//  Copyright (c) 2008 João Abecasis
//
//  Distributed under the Boost Software License, Version 1.0. (See accompanying
//  file LICENSE_1_0.txt or copy at http://www.boost.org/LICENSE_1_0.txt)

#include "classad.hpp"
#include "condor_job.hpp"
#include "log_processor.hpp"

#include <saga/saga-defs.hpp>

namespace saga { namespace adaptors { namespace condor {

    void log_processor::process_log_entry(::condor::job::classad & c)
    {
        using namespace saga::job::attributes;

        struct logger
        {
            logger(::condor::job::classad & ca)
                : ca_(ca), processed(false)
            {
            }

            ~logger()
            {
                if (processed)
                    return;

                // Log entry
                std::string msg;

                SAGA_VERBOSE(SAGA_VERBOSE_LEVEL_INFO)
                    msg += "Skipping unprocessed Condor log entry.";
                SAGA_VERBOSE(SAGA_VERBOSE_LEVEL_DEBUG)
                {
                    msg += "ClassAd {\n";
                    for (::condor::job::classad::attribute_iterator
                            iter = ca_.attributes_begin(),
                            end = ca_.attributes_end();
                            iter != end; ++iter)
                    {
                        msg += "  " + iter->first
                            + ": (" + iter->second.type + ") "
                            "'" + iter->second.value_ + "'\n";
                    }
                    msg += "}";
                }
                if (!msg.empty())
                    SAGA_LOG_INFO(msg.c_str())
            }

            ::condor::job::classad & ca_;
            bool processed;
        }
        _on_return(c);

        int event_type = -1;
        std::string cluster;
        std::string process;

        boost::optional< ::condor::job::classad::value> attr;

        if ((attr = c.get_attribute("EventTypeNumber"))
                && "i" == attr->type)
            event_type = boost::lexical_cast<int>(attr->value_);
        if (!(attr = c.get_attribute("Cluster")))
            return;
        cluster = attr->value_;
        if ((attr = c.get_attribute("Proc")))
            process = attr->value_;

        boost::shared_ptr<shared_job_data> job_data;
        {
            synchronized<job_registry>::lock reg(registry_);
            job_data = reg->find_job(cluster);
            if (!job_data)
                job_data = reg->find_job(cluster + "." + process);
        }

        if (!job_data)
            return;

        shared_job_data::scoped_lock lock(job_data->state_change_mtx);

        // Event descriptions from section 2.6.6 of the Condor manual.
        // E.g., from here:
        // http://www.cs.wisc.edu/condor/manual/v7.1.0/2_6Managing_Job.html

        switch (event_type)
        {
        case 0:     //  Job submitted
        //  This event occurs when a user submits a job.  It is the
        //  first event you will see for a job, and it should only occur
        //  once.
        case 1:      // Job executing
        //  This shows up when a job is running. It might occur more
        //  than once.
        case 13:     // Job was released
        //  The user is requesting that a job on hold be re-run.

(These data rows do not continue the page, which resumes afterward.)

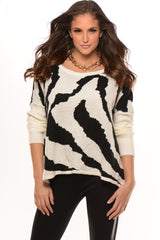 White & Black Oversize Swirl Sweater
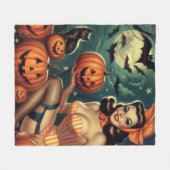  Halloween Pin Up Fleece Deken (Voorkant (Horizontaal))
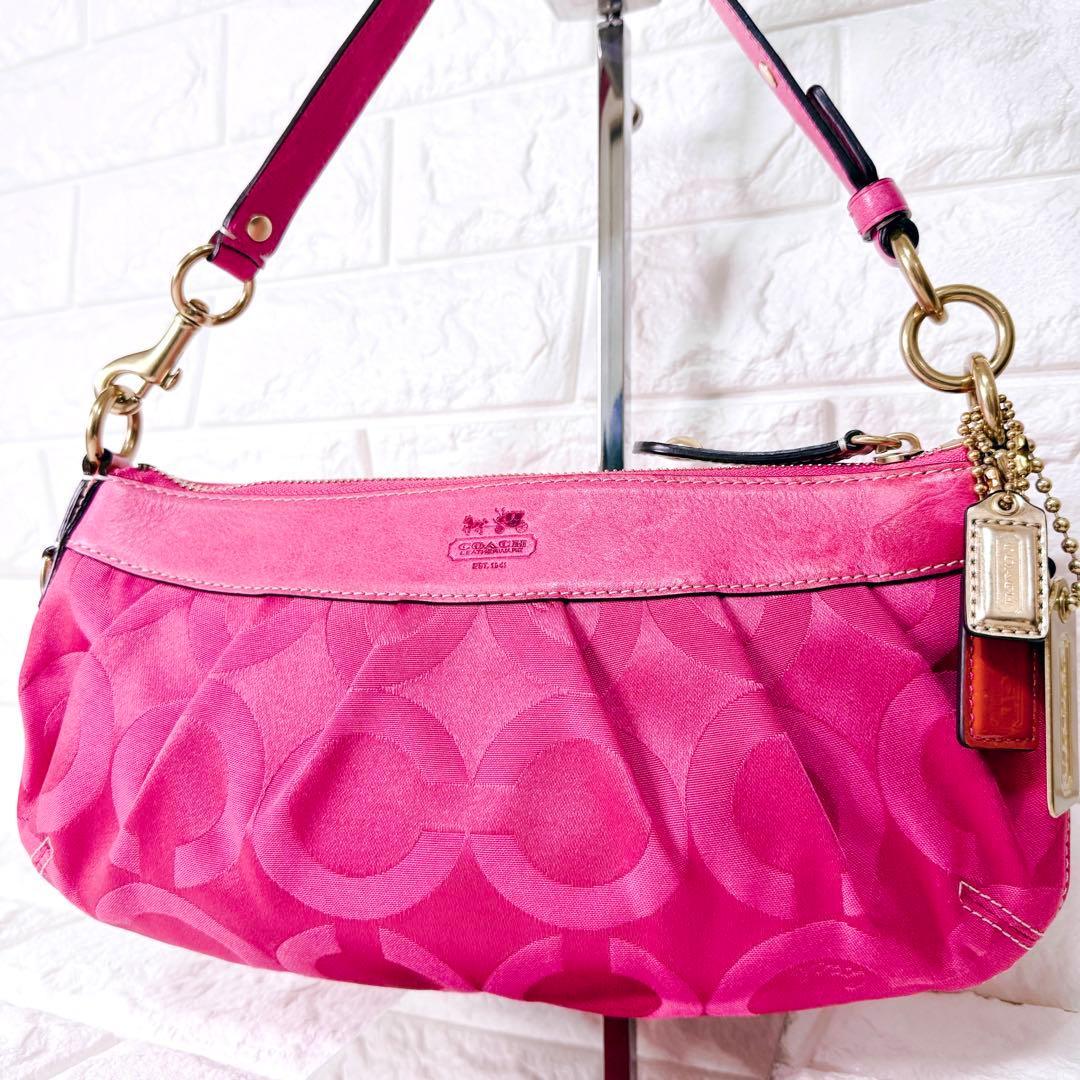 希少✨COACH コーチ オプアート シグネチャー ワンショルダー ハンドバッグ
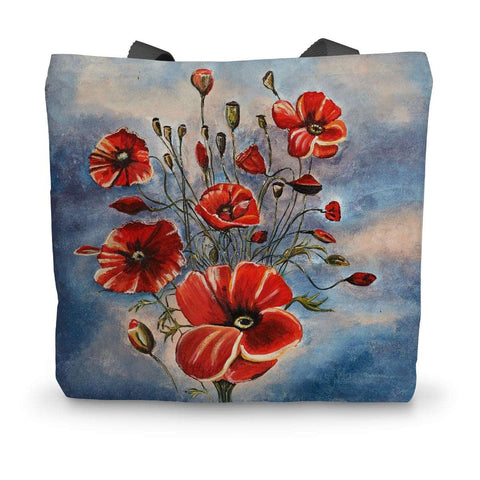 Artistic Durable Tote Bag Bouquet of Poppies of reds & open & closed poppies & leaves.  Background is slate blue with lights of soft shades of pinks giving shades of light!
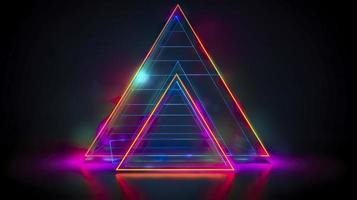 neon triangolo sfondo isolato su buio sfondo, vettore illustrazione, stile zachowcin, nel il stile di neon e fluorescente luce, neon realismo, generat ai foto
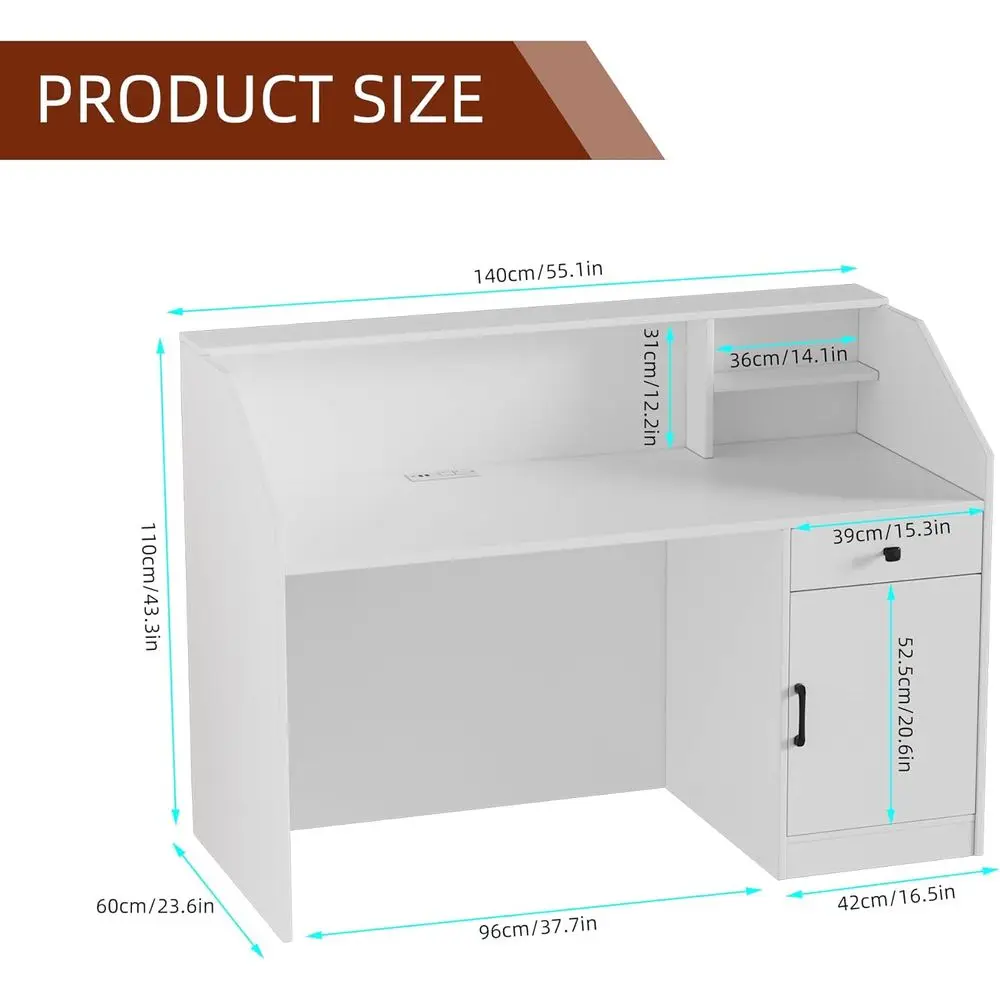 55.1 Desk, Retail Counter, Cash Wrap Counter | Desk with Charging Station, LED Light, Storage Shelves, Checkout Counter or Lobby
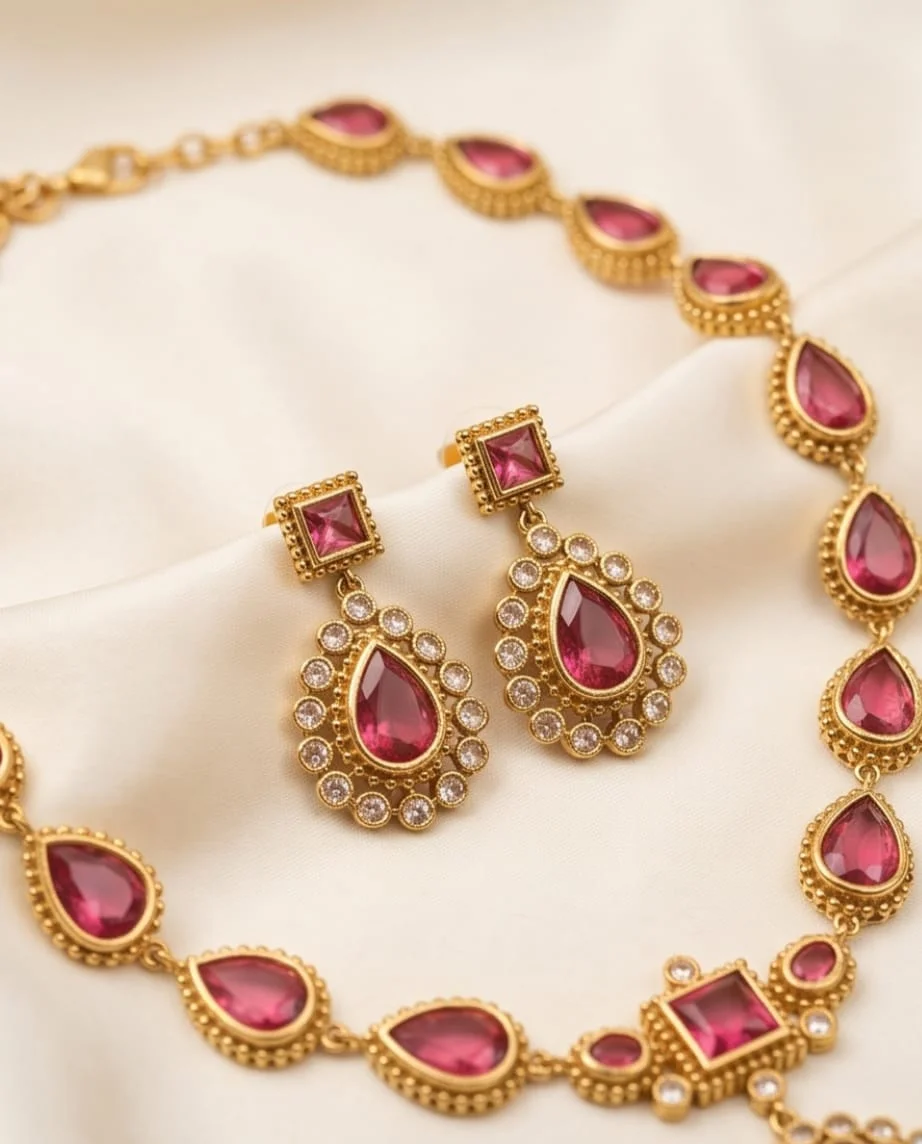 Gold-Plated Necklace & Matching Earrings Set, Beautifully Adorned With Vibrant Ruby-Red Teardrop Stones view 3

            job_data->state = saga::job::Running;
            break;

        case 12:     // Job was held
        //  The user has paused the job, perhaps with the condor_ hold
        //  command. It was stopped, and will go back into the queue
        //  again until it is aborted or released.

            job_data->state = saga::job::Suspended;
            break;

        case 2:      // Error in executable
        //  The job couldn't be run because the executable was bad.
        case 4:      // Job evicted from machine
        //  A job was removed from a machine before it finished, usually
        //  for a policy reason: perhaps an interactive user has claimed
        //  the computer, or perhaps another job is higher priority.

            if ((attr = c.get_attribute("EventTime")))
                job_data->attributes[finished] = attr->value_;

            job_data->state = saga::job::Failed;
            break;

        case 5:      // Job terminated
        //  The job has completed.

            if ((attr = c.get_attribute("EventTime")))
                job_data->attributes[finished] = attr->value_;
            if ((attr = c.get_attribute("ReturnValue")))
                job_data->attributes[exitcode] = attr->value_;

            job_data->state = saga::job::Done;

            if ((attr = c.get_attribute("TerminatedBySignal")))
            {
                job_data->attributes[termsig] = attr->value_;
                job_data->state = saga::job::Failed;
            }

            break;

        case 9:      // Job aborted
        //  The user cancelled the job.

            if ((attr = c.get_attribute("EventTime")))
                job_data->attributes[finished] = attr->value_;

            job_data->state = saga::job::Canceled;
            break;

        case 3:      // Job was checkpointed
        //  The job's complete state was written to a checkpoint file.
        //  This might happen without the job being removed from a
        //  machine, because the checkpointing can happen periodically.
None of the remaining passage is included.